Recently, he was issued a misbehavior report after being accused of saying something inappropriate to a female corrections officer (Mr. Lorman said he didn’t do it). Days later, I heard a male C.O. yell out, so everyone in the cell block could hear, that Mr. Lorman has a sex crime. The C.O. told him to write 100 times that he will never again disrespect a female staff member. Mr. Lorman can’t read or write. He did better when he was on psych meds, he tells me, but they stopped giving them to him. “I don’t know how to explain it. I don’t adapt too good in the general population,” he told me. He said he hopes he can be transferred to a specialized unit that provides mental health services at another state prison soon.

In addition to investment in education, states desperately need funding to address the mental health crisis in prisons. In 1955, when this country had about half the 330 million people it has today, we had a half million beds on state-run psych wards; in 2016 we had about 38,000. In 2006, a Department of Justice report said 24 percent of people in jail and 15 percent of those in state prisons reported symptoms that met the criteria for a psychotic disorder.

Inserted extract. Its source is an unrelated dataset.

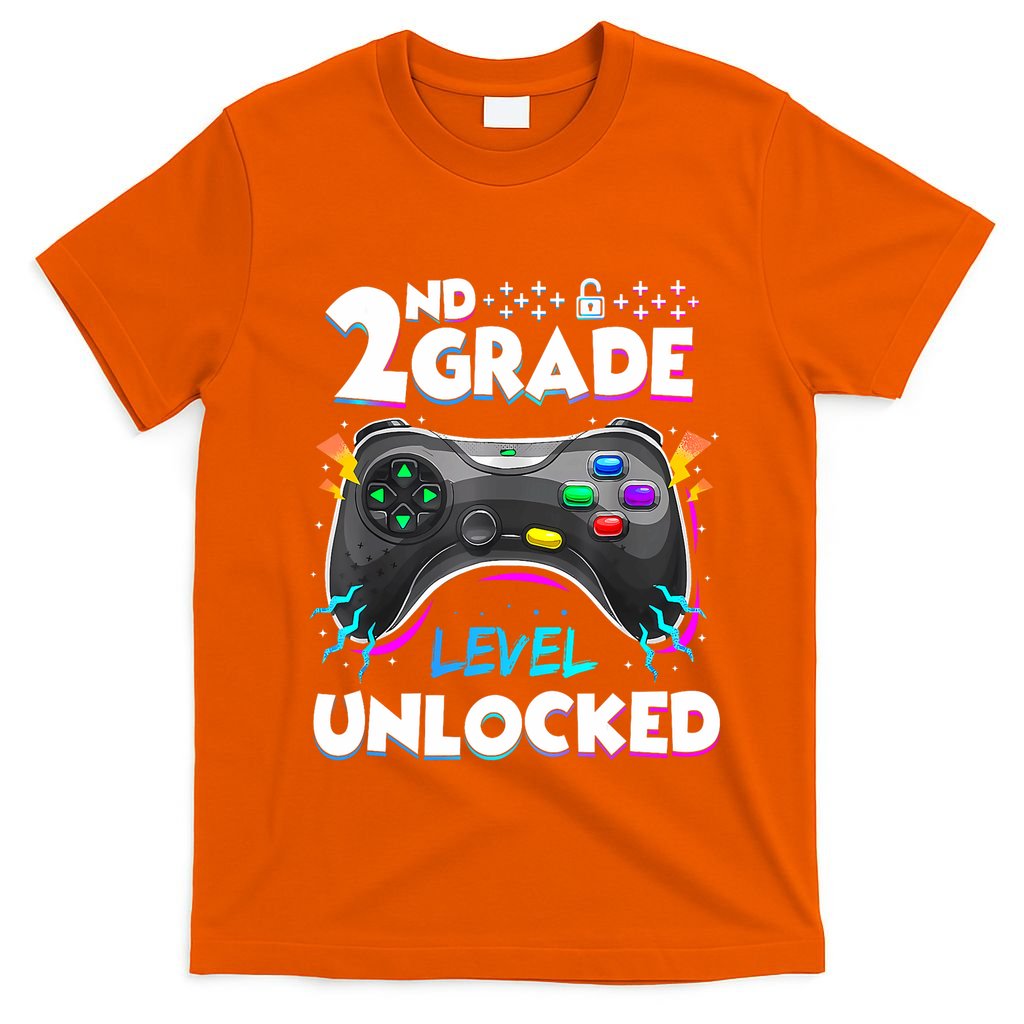 2nd Grade Level Unlocked Back To School First Day Gamer Boy T-Shirt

And as a nation, we treat 10 of every 11 psychiatric patients housed by the government behind bars.

Prison is just about the worst place to suffer from serious anxiety. The other day I had to give a urine sample as a C.O. watched. I knew in advance that I had to give the sample, and I drank so much water my vision was fuzzy. Every time I felt I had to go, heat swarmed my chest and my heart bounced. After all these years, I’d developed anxiety. The C.O. looked annoyed, but also sad, like he had his own problems. A provision for “shy bladder” allows for you to be alone — but it’s nearly impossible to get the administration to approve it. Others with more serious issues are worse off. But it affects so many of us.

President Biden has been in office for only 16 months, so it’s unfair to compare records. But in spite of all the competing demands before him, he should want this reform, too — not because he was responsible for a lost generation of prisoners, and not because Mr. Obama regrets that he couldn’t get reforms passed. And he shouldn’t just do it to outdo Mr. Trump.

He should want this because it’s the right thing to do.